Collected data entries:
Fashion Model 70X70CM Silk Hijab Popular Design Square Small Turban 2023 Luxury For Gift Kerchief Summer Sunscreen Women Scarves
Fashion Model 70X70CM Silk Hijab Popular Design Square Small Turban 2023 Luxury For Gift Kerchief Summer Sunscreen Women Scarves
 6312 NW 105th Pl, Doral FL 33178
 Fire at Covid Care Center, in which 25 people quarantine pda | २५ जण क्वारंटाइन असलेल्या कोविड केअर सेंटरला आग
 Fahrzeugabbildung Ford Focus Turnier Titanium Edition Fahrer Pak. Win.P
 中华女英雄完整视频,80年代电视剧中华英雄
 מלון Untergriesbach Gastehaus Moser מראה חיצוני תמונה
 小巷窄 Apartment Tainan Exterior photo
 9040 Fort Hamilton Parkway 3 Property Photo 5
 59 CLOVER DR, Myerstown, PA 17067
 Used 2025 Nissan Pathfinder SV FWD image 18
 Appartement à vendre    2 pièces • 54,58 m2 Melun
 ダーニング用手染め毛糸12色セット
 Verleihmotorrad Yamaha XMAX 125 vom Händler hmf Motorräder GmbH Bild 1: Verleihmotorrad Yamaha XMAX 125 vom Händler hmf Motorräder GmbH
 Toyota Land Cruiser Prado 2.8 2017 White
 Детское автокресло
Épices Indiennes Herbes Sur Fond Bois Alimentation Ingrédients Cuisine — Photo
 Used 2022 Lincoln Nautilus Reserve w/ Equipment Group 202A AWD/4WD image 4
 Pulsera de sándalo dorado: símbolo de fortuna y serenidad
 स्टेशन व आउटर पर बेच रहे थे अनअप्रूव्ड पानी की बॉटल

» **About this task**: Go through the records and repeat each one exactly as written.

» **Result of the exercise**:
Fashion Model 70X70CM Silk Hijab Popular Design Square Small Turban 2023 Luxury For Gift Kerchief Summer Sunscreen Women Scarves
Fashion Model 70X70CM Silk Hijab Popular Design Square Small Turban 2023 Luxury For Gift Kerchief Summer Sunscreen Women Scarves
 6312 NW 105th Pl, Doral FL 33178
 Fire at Covid Care Center, in which 25 people quarantine pda | २५ जण क्वारंटाइन असलेल्या कोविड केअर सेंटरला आग
 Fahrzeugabbildung Ford Focus Turnier Titanium Edition Fahrer Pak. Win.P
 中华女英雄完整视频,80年代电视剧中华英雄
 מלון Untergriesbach Gastehaus Moser מראה חיצוני תמונה
 小巷窄 Apartment Tainan Exterior photo
 9040 Fort Hamilton Parkway 3 Property Photo 5
 59 CLOVER DR, Myerstown, PA 17067
 Used 2025 Nissan Pathfinder SV FWD image 18
 Appartement à vendre    2 pièces • 54,58 m2 Melun
 ダーニング用手染め毛糸12色セット
 Verleihmotorrad Yamaha XMAX 125 vom Händler hmf Motorräder GmbH Bild 1: Verleihmotorrad Yamaha XMAX 125 vom Händler hmf Motorräder GmbH
 Toyota Land Cruiser Prado 2.8 2017 White
 Детское автокресло
Épices Indiennes Herbes Sur Fond Bois Alimentation Ingrédients Cuisine — Photo
 Used 2022 Lincoln Nautilus Reserve w/ Equipment Group 202A AWD/4WD image 4
 Pulsera de sándalo dorado: símbolo de fortuna y serenidad
 स्टेशन व आउटर पर बेच रहे थे अनअप्रूव्ड पानी की बॉटल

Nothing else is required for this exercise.